Resilience and coping with life’s inevitable curve balls…
7 Steps to building your resilience.
Have you had a life changing experience where you have had to use your resilience to get through it? What did it look like and how did you cope?
Resilience is an emotional quality that, amongst other things, manages to shield some people from the impact of catastrophe. This protective emotional armor is about being able to get up when life knocks you down.
How do people deal with difficult events that change their lives? A death in the family, being made redundant, a serious illness and divorce: these are all examples of the challenges we may face in life. This can put people on an emotional roller coaster with a huge sense of uncertainty. Yet most people generally adapt well over time to life-changing and stressful situations. What enables them to do so? It involves resilience, an ongoing process that requires real effort and involves taking a number of steps.

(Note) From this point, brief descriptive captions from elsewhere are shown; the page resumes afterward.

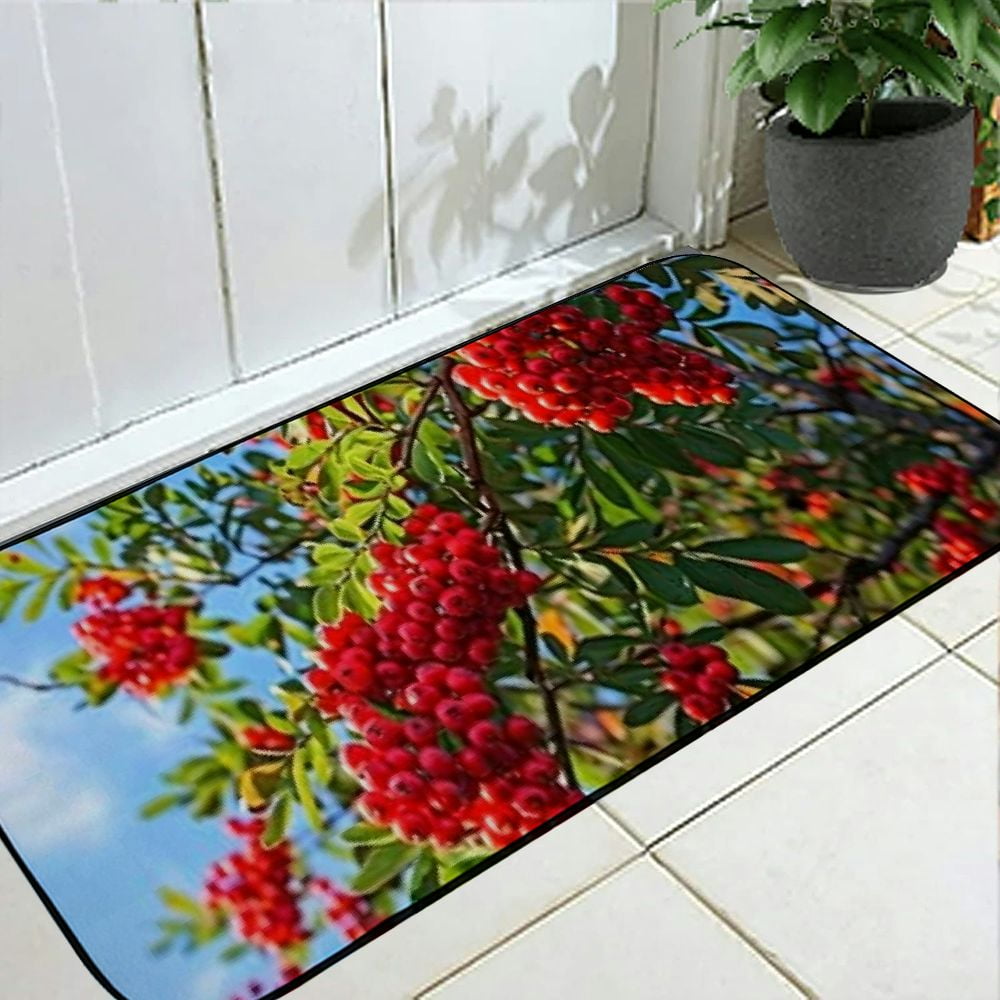 PHYHOO Decorative Door Mat, Door Mat with Non-Slip Rubber Backing, Easy Cleaning, Traps Dirt, Rug for Entry, Patio, Garage - Mountain Ash Ash Berries Red Rowan 19.68*47.24 in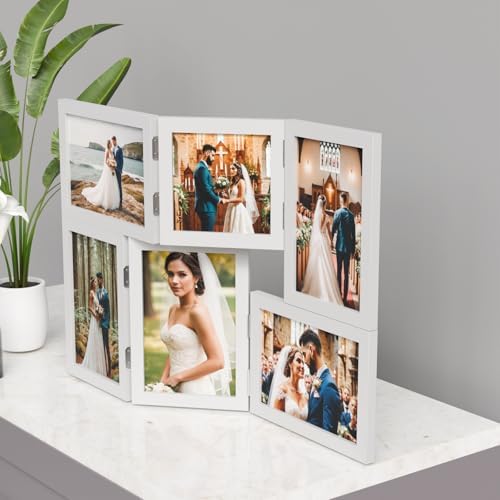 WARM&LOVE 6 Picture Frame, 4x6 & 4x4 Six Folding Hinged Photo Frames, Rustic Wood Desk Family Photo Collage Stand Vertical on Tabletop for Birthday Family Lover Gift (White) - Image 6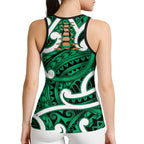 Aotearoa Maori Kowhaiwhai Hollow Tank Top Kakariki Puhoro and Patiki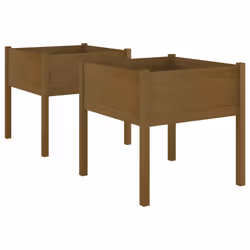 vidaXL Fioriere 2 pz Ambra 70x70x70 cm in Legno Massello di Pino - Vista aggiuntiva 2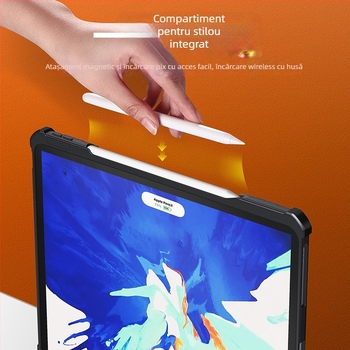 Carcasă de protecție pentru iPad mini 6 cu spațiu pentru stylus, translucidă, anti-cădere, cu suport, din TPU+PC, 2 în 1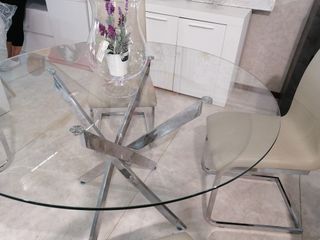 Super Precio! Mesa cristal 4 sillas piel sintética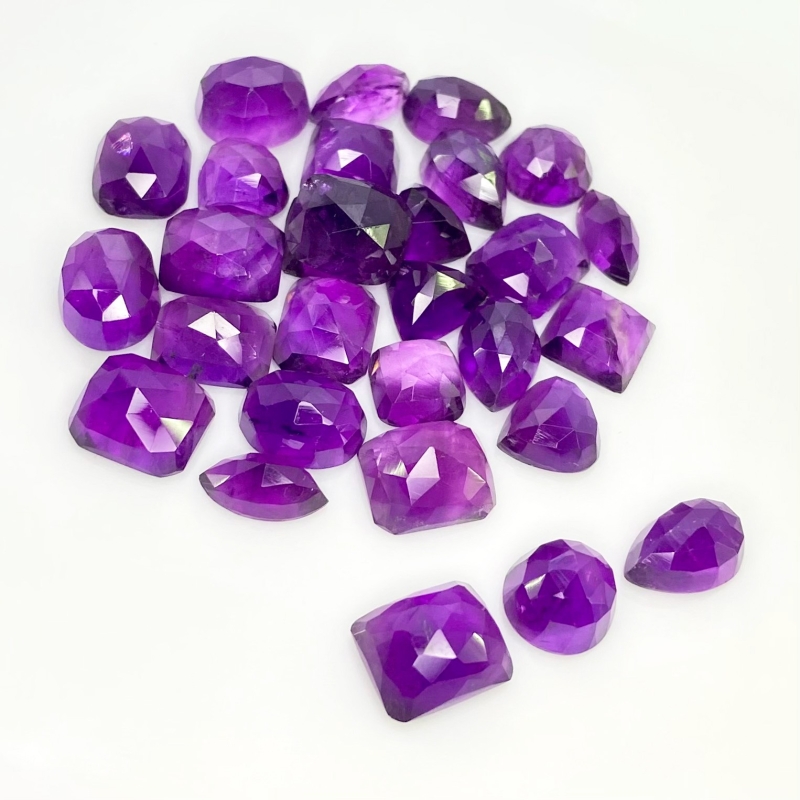 133.7 Carat African Amethyst 9-12.5mm Rose Cut Mix Shape AA Grade Cabochons Parcel - Total 29 Pcs.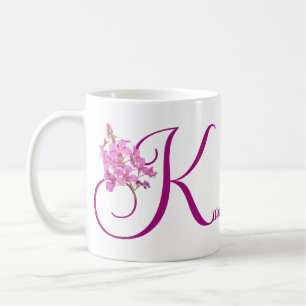 Customizable pink floral Karen name monogram fun Coffee Mug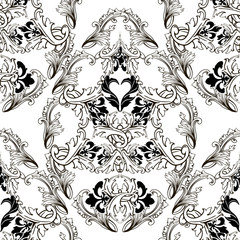 Baroque black and white vintage vector seamless pattern. Ornamental floral background. Antique baroque ornament in Victorian style. Scroll leaves, flowers. Mandala. Decorative repeat Damask backdrop.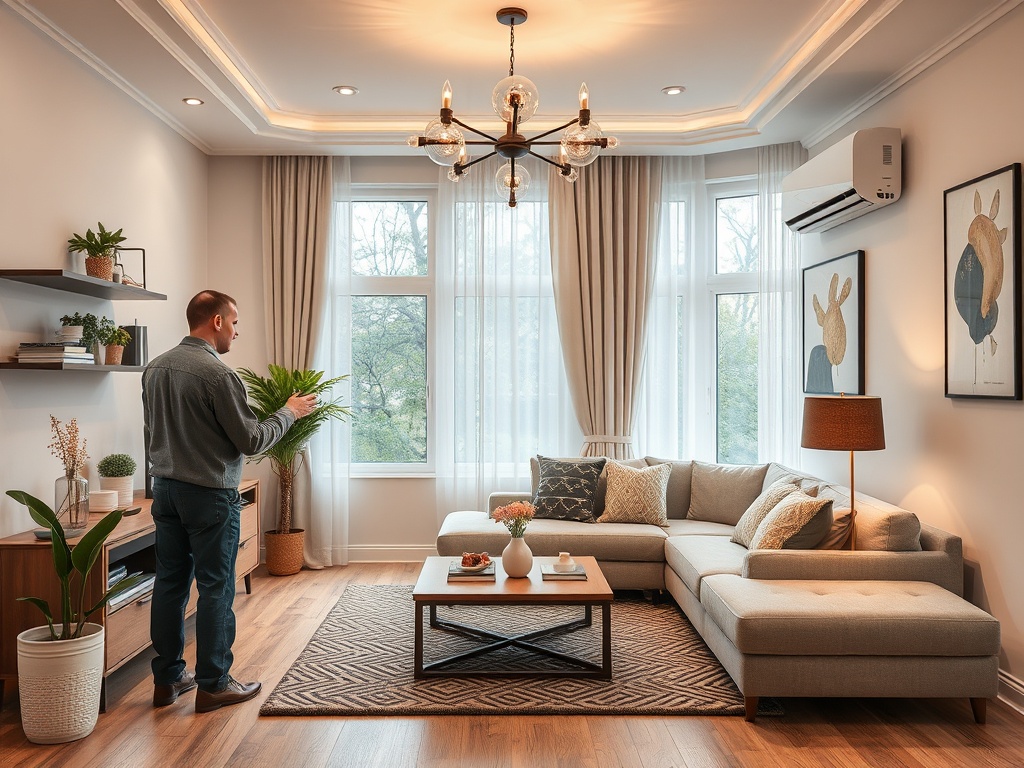 Мужчина стоит в уютной гостиной с диваном, столом и зелеными растениями, у окна с ярким освещением.
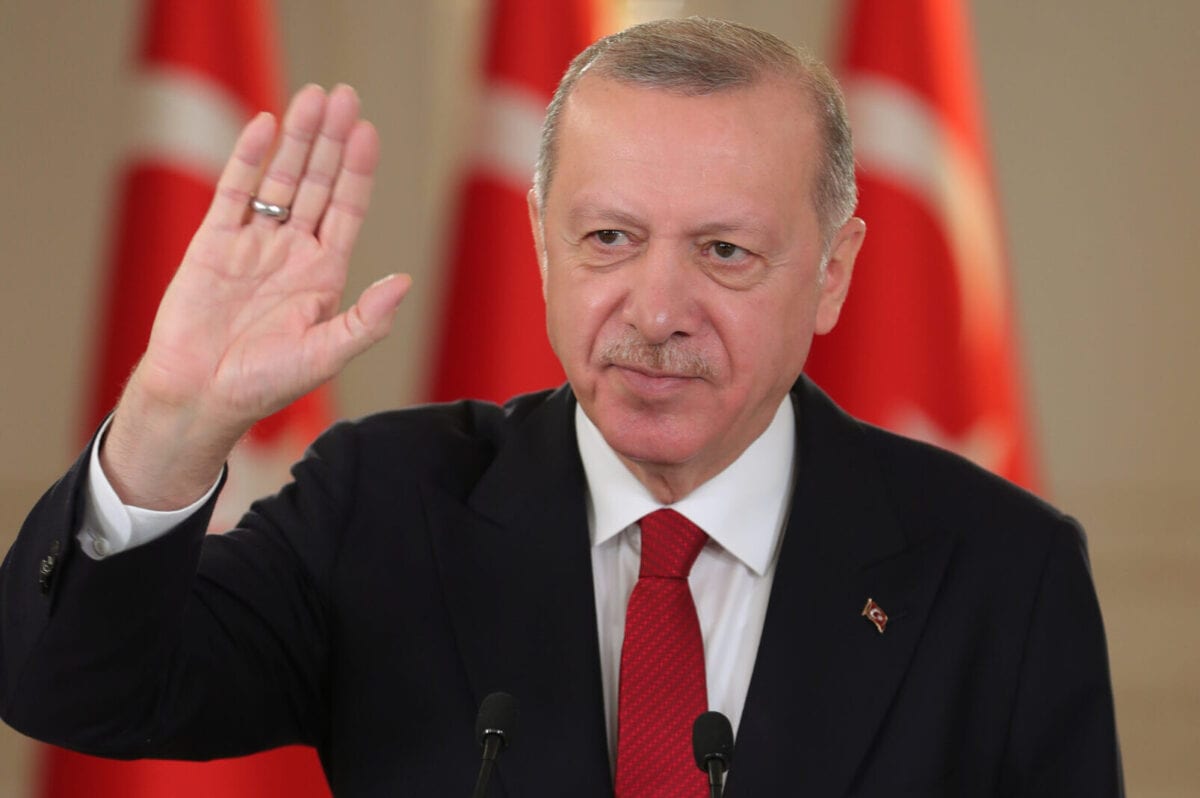 Turkish President Recep Tayyip Erdogan attends the Observer Day activity of Blue Homeland-2021 Exercise, via video conference call at the Vahdettin Pavilion in Istanbul, Turkey on March 06, 2021 [Mustafa Kamacı / Anadolu Agency]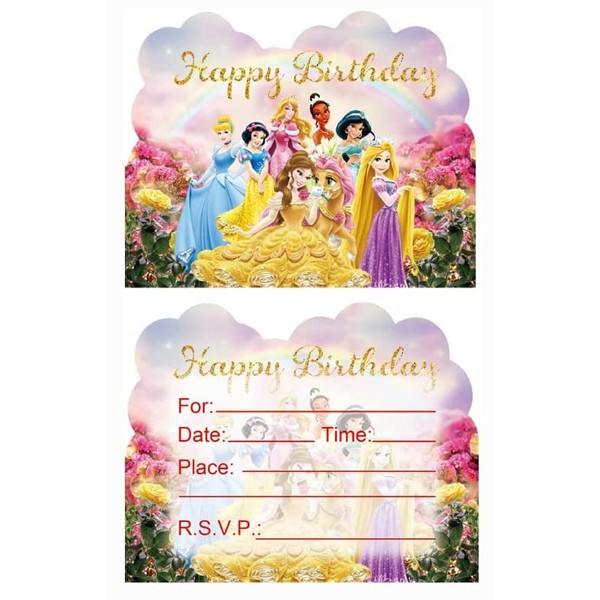 Ananju - 20 invitaciones de cumpleaños de princesa, invitaciones de
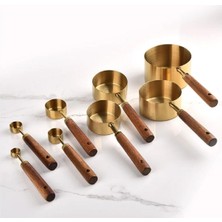 Odea Lin Grup 8 Adet Ahşap Saplı Paslanmaz Çelik Ölçüm Kabı - Ölçü Kaşığı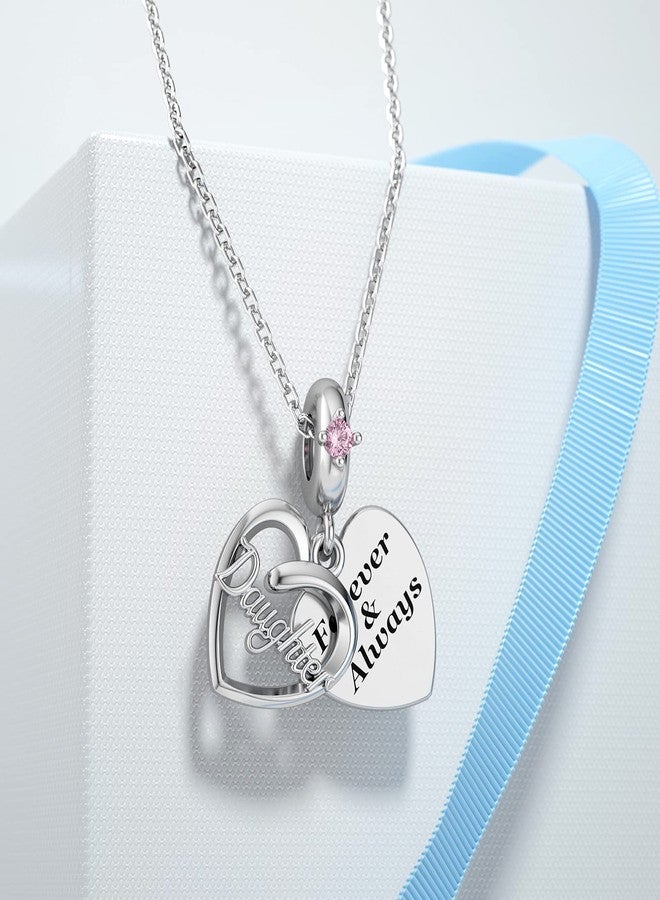 DALARAN Daughter Charms for Pandora Charms Bracelet Forever Love Heart Bead for Birthday Christmas Bead for Women - Image 3
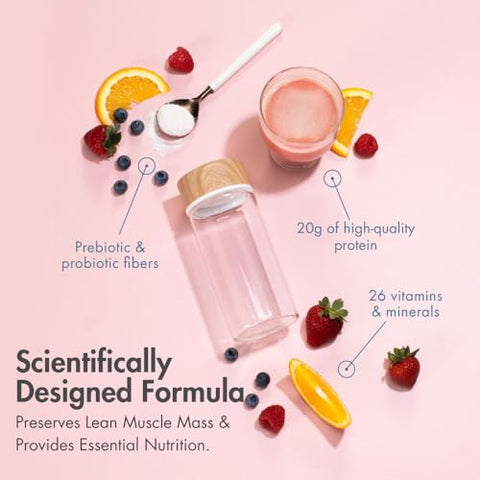 Biocare - Bebida Nutricional para Usuários de GLP-1, Pó Dietético com 20g de Proteína Essencial, 26 Vitaminas/Minerais, Alivia Náuseas, Inchaço, Prisão de Ventre, Morangos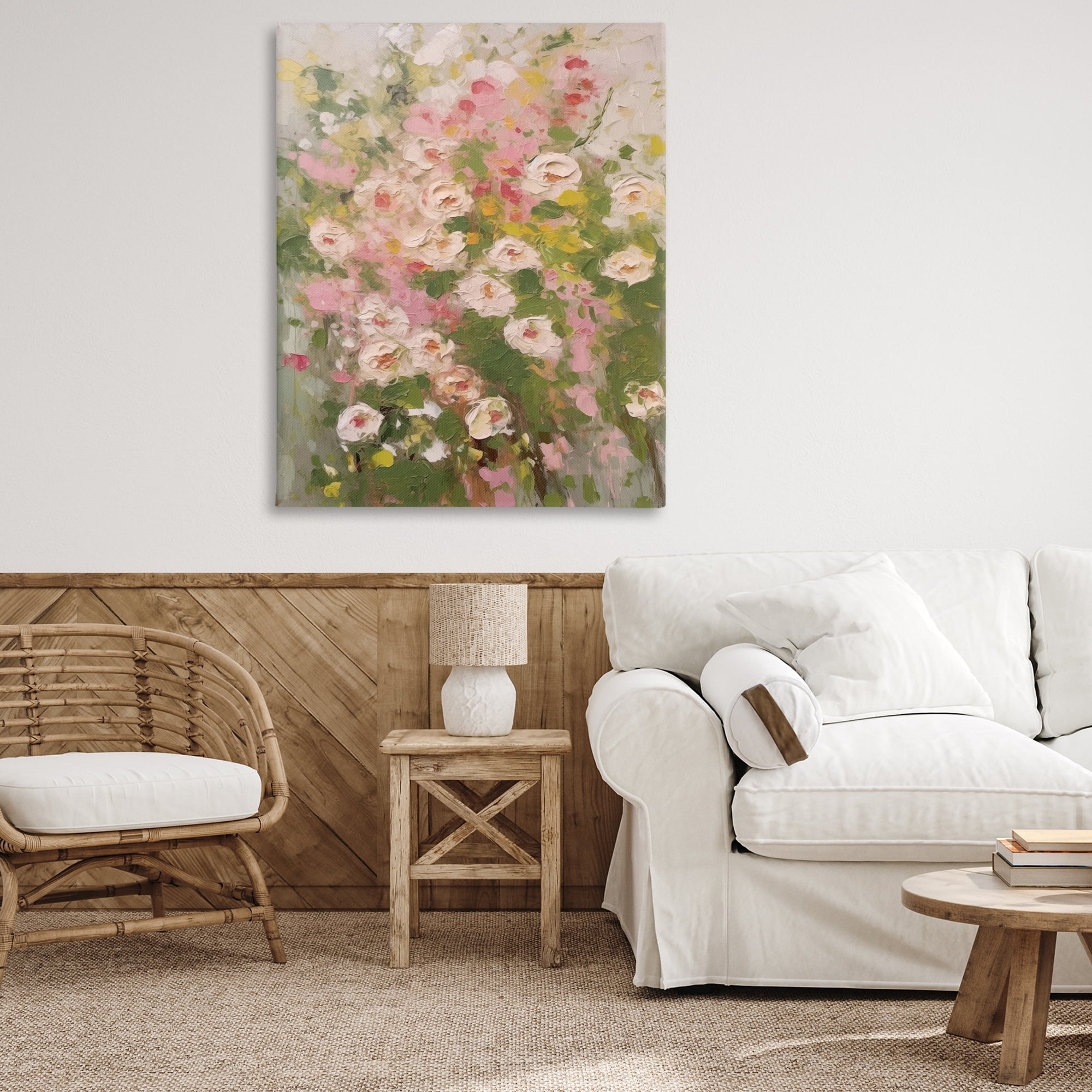 Stupell Industries Vintage Spring Floral Abstraction Plants & Flowers Painting Wrapped Canvas Art Print Wall Art, 36 x 48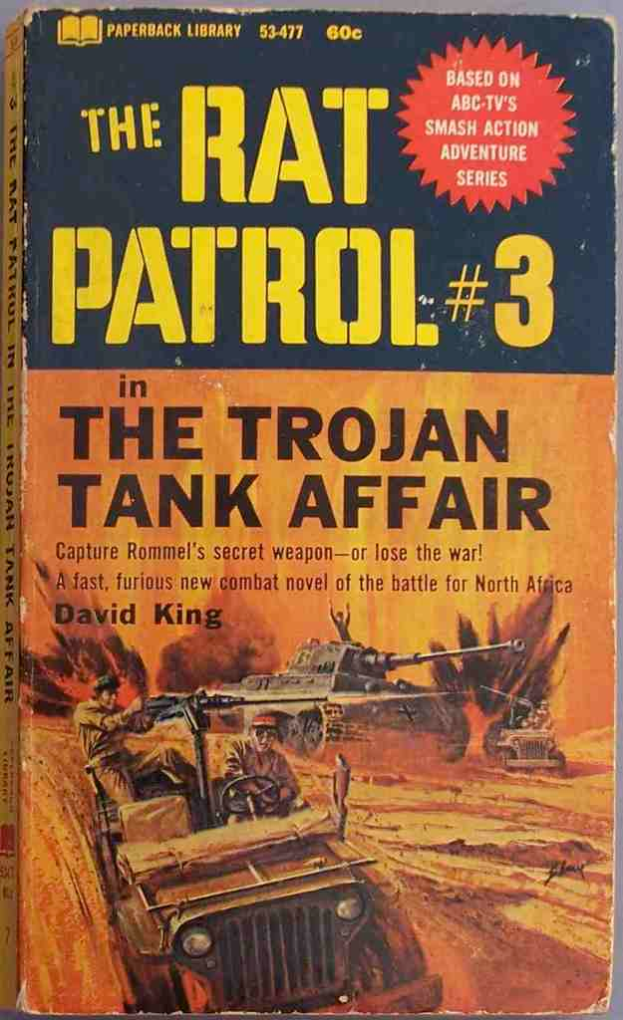 Buchumschlag mit Armee-Panzern und Jeeps in einer KriegsSzene mit Text darüber.
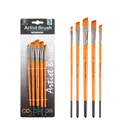 5-piece orange synthetic fiber angled brush set for acrylic, oil, and watercolor painting - 5Pcs Angled Peak HB095D / Bright Orange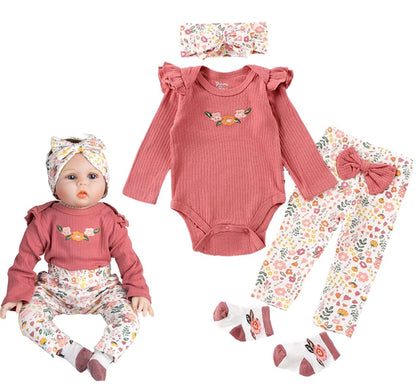 Pedolltree Reborn Baby Doll Clothes 22 inch Girl Outfit Accessories for 20-22 Inch Reborn Doll Baby Girl Doll Clothes 4pcs Set, Medium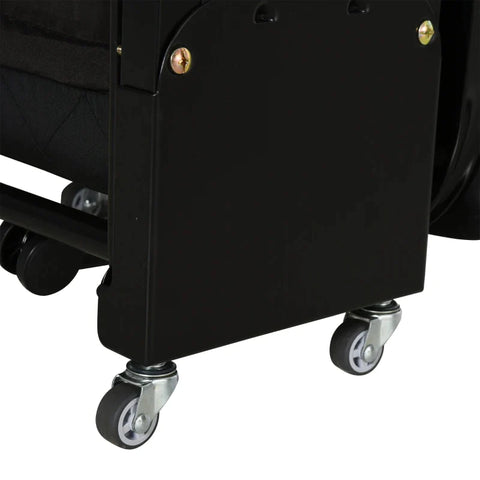 Rootz 2-in-1 Folding Bed - Guest Bed - Foldable - Adjustable - Headboard Height With Castors - Black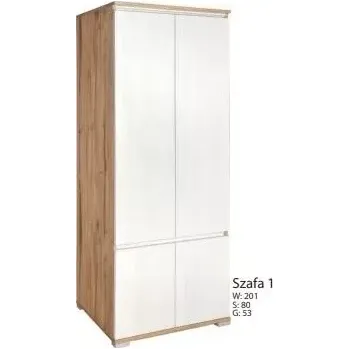 Šatní skříň Šatní skříň Rosa 1, korpus trufla/dveře modřín sibiu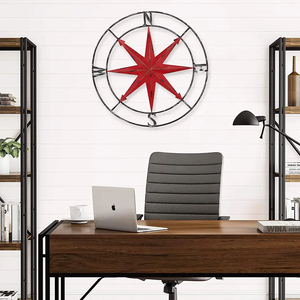 Boussole de rose rustique en fonte Décoration murale nautique Boîtier en aluminium Pointeur Cadran Affichage Décoration murale fleur en métal inspirée de la plage - Product Image 1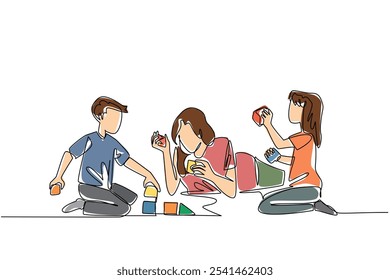 Single continuous line drawing mother lying on the floor playing building blocks with her daughter and son. Focus on caring. Cheerful. National Single Parent Day. One line design vector illustration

So how do we thrive and move forward?
Step 1
Reframe how you see stressful situations. You can’t change the fact that highly stressful events happen, but you can change how you interpret and respond to these events. This is called cognitive reframing, and it involves looking at things in a way that creates less stress and promotes a greater sense of calm and control. Reframing things in a more positive way can change our perceptions and relieve our stressful feelings.
Step 2
Being honest and open. Good relationships with close family members, friends or others are important. Accepting help and support from those who care about you and will listen to you strengthens resilience.
Step 3
Accept that change is a part of living. Certain goals may no longer be attainable as a result of adverse situations. Accepting circumstances that cannot be changed can help you focus on circumstances that you can change.
Step 4
Walk toward your goals. Develop some realistic goals and do them in bite size chunks, even if it seems like a small accomplishment that enables you to move toward your goals. Instead of focusing on the big goals right now, that may seem unachievable, ask yourself, “What’s one thing I know I can accomplish today that helps me move in the direction I want to go?”
Step 5
Take decisive actions. Act on adverse situations as much as you can, rather than detaching completely from problems and stresses and wishing they would just disappear.
Step 6
Keep things in perspective with optimism. Even when facing very painful events, try to consider the stressful situation in a broader context and keep a long-term perspective. Avoid blowing the event out of proportion. An optimistic outlook enables you to expect that good things will happen in your life. Try visualising what you want, rather than worrying about what you fear.
Step 7
Take care of yourself. Pay attention to your own needs and feelings. Engage in activities that you enjoy and find relaxing. Exercise regularly. Taking care of yourself helps to keep your mind and body primed to deal with situations that require resilience.
Additional ways of strengthening resilience could be to write about your thoughts and feelings relating to stressful events in your life. This could allow you to reflect and see things from a different perspective.